Muito embora a mesma não seja completamente perceptível do enunciado de conclusões, compaginado este com a matéria alegada, entende-se que se pretende a ampliação de forma a trazer á acção a matéria constante dos Artº 1º, 33º, 34º, 41, 43º, 45º, 46º, 51º, 52º e 62º da PI.
Defende-se aqui que tais factos interessam á decisão da causa, designadamente sobre o ganho ou lucro a obter com o contrato de empreitada em questão, pelo que deveriam ter sido levados à base instrutória para, sobre os mesmos, ser oferecida e produzida prova.
Os Recrdºs. pronunciam-se no sentido de a matéria ali alegada não constituir alegação de factos integradores da indemnização pretendida.

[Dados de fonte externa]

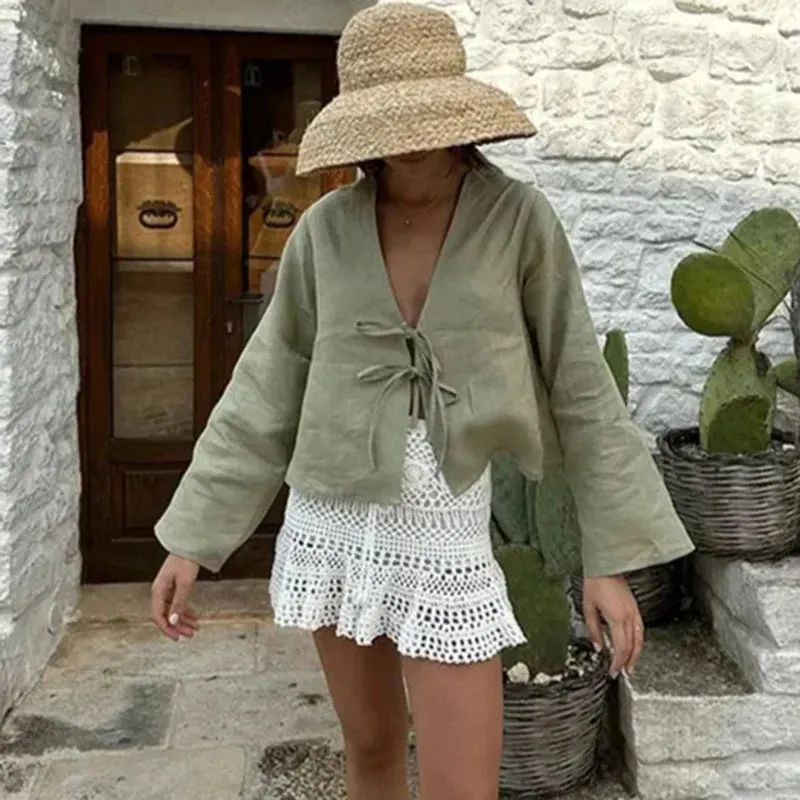 Fashionkova ALOBEE Loose Lace Up Bow Shirt Women Elegant V Neck Long Flare Sleeve Lady 2024 New Spring Summer Simple High Street Female Tops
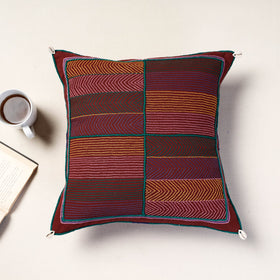 Multicolor Lambani Mirror Work Embroidery Cotton Cushion Cover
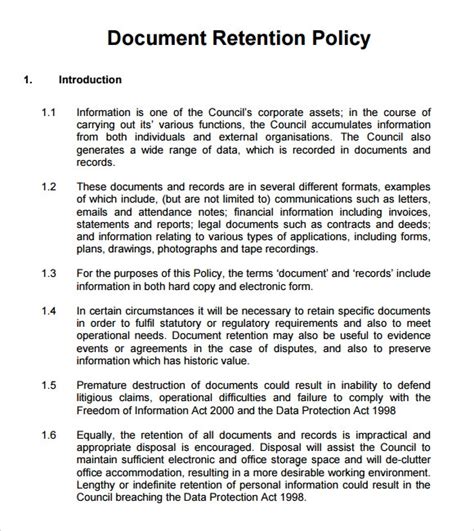sample document retention policy templates  ms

Relembra-se que a A. peticionou a condenação dos RR. no pagamento da quantia de 124.699,47€ e juros decorrentes do alegado incumprimento dos RR. (que contabiliza com recurso á seguinte fórmula: 39.000.000$00 – 14.000.000$00 = 25.000.000$00) -falta de pagamento integral do preço convencionado- e, subsidiariamente, da quantia de 61.222.45 e juros decorrente dos trabalhos executados, materiais aplicados e utensílios utilizados.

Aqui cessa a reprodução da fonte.